Westwood High School parents push to drop some class rankings




Posted on May 18, 2010 at 4:59 PM

Updated Wednesday, May 19 at 8:50 AM

Some parents at Westwood High School are pushing the Round Rock Independent School District to drop class rankings below the top 10 percent, because they believe it's hurting their kids' chances of getting into top universities.  It's so competitive at the top, that GPA's are broken down to the thousandth of a point.

Westwood High School is known as a top high school.

"They're nationally well known for their college prep program.  And a lot of students have success because of that.  However making that top 10 percent cut here is nearly impossible," said Charles Gilmore, father.

The school grades are based on a 5.0 GPA.  But Honors, Advanced Placement, International Baccalaureate and Talented and Gifted classes will bump students up to a  6.0.

You have a good percentage of kids in this school who are taking just normal classes -- they're never going to be in the top 10 percent," said Sue Benyo, parent.
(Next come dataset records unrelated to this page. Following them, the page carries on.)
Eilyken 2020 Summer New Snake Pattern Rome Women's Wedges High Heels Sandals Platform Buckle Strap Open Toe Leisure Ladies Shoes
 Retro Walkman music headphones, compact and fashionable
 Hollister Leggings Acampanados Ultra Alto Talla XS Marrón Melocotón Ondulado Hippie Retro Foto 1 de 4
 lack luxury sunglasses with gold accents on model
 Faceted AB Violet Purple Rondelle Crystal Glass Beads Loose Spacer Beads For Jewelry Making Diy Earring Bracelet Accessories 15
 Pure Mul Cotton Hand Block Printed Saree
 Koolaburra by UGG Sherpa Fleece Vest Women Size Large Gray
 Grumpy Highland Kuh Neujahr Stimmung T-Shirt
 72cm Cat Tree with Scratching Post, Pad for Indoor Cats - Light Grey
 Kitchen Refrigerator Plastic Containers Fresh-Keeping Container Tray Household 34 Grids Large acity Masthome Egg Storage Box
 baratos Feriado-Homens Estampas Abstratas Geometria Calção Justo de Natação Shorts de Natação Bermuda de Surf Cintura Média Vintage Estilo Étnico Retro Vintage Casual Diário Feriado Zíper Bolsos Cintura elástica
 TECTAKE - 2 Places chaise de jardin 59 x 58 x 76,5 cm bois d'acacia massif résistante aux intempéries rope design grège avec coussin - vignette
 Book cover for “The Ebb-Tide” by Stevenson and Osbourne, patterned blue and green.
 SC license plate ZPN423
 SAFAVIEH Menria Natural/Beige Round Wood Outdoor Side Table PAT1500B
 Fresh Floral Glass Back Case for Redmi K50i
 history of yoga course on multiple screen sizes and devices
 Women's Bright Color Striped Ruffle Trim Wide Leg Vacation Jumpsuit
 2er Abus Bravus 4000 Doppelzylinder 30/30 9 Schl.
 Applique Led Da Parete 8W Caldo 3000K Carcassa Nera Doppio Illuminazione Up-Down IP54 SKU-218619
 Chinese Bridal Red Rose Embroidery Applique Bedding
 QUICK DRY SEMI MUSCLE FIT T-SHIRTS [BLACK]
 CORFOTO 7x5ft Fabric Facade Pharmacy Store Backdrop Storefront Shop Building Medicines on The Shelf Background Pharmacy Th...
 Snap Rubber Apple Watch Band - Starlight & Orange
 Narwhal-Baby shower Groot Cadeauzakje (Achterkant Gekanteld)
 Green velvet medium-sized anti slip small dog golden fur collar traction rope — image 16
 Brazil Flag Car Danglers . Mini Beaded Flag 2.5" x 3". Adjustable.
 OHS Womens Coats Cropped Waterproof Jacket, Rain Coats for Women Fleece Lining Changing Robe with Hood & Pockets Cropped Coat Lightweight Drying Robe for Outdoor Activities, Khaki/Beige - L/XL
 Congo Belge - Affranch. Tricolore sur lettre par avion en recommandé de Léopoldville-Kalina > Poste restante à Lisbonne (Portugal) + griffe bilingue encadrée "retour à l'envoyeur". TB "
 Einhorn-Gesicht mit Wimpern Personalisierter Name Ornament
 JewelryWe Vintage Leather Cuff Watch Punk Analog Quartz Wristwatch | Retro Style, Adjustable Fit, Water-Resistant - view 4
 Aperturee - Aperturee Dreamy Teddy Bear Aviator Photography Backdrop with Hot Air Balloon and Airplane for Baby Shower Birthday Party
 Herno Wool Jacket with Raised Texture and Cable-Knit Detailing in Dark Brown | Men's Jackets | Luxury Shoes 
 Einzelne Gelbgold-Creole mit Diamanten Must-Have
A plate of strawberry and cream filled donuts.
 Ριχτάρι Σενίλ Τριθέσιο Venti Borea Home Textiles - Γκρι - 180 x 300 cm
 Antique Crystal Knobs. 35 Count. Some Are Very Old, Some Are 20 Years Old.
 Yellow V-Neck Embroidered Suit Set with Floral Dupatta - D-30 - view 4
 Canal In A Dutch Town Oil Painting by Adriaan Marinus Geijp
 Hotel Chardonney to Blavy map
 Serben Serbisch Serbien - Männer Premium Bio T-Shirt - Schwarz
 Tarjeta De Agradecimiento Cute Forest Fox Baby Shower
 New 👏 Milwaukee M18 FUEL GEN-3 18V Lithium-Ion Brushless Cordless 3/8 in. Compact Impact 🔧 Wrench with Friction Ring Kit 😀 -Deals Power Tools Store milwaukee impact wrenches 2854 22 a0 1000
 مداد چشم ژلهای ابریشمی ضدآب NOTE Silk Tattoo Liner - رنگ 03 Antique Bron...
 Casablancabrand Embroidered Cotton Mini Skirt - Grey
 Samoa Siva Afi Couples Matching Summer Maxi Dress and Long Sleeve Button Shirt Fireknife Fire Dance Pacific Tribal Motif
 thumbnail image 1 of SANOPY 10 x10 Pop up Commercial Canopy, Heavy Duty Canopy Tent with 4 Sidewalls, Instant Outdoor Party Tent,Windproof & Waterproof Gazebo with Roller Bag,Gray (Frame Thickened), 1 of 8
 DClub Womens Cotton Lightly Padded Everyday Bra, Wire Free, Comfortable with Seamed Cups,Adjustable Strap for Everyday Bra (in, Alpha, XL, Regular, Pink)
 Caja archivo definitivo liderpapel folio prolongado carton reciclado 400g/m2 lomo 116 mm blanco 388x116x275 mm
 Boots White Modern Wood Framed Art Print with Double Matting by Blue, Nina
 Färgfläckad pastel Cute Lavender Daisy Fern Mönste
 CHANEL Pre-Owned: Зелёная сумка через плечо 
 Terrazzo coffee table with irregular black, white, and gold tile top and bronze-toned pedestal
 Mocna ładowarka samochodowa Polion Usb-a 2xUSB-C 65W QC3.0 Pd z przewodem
The top student at Westwood High School earned a 5.8065.  The cutoff to make the top 10 percent is 5.1762.

Compare that to Stony Point High School, which also has an International Baccalaureate Program.  Its top student earned a higher GPA: 5.9053.  But students who aren't taking advanced classes, and end up with a near perfect GPA of 4.7421 and higher still rank in the top 10 percent.

That makes some Westwood parents very unhappy.

"Our parents were telling us that their students are having difficulty getting into some Ivy League Schools, not because of their SAT or AC scores, and not because of their wonderful grades.  It comes down to a class rank issue," said Round Rock ISD Spokesperson JoyLynn Occhuizzi.

The district is putting together a committee to study this issue and will consider making a change.  But it's not happening fast enough for some.

"Having a junior who will be a senior next year -- we're pushing to have it done this year," said Benyo.

And some say students who want to hit that top 10 percent mark have to start very early.

"You have to start on this quest back when you're in junior high, by taking the advanced maths," said Gilmore.

It makes it nearly impossible to catch up.

Westlake High School in Eanes Independent School District decided in February it would not calculate future rankings that fall below the top 10 percent.  A spokesperson for Eanes said the change was almost universally supported.  Already, a majority of private high schools follow that model.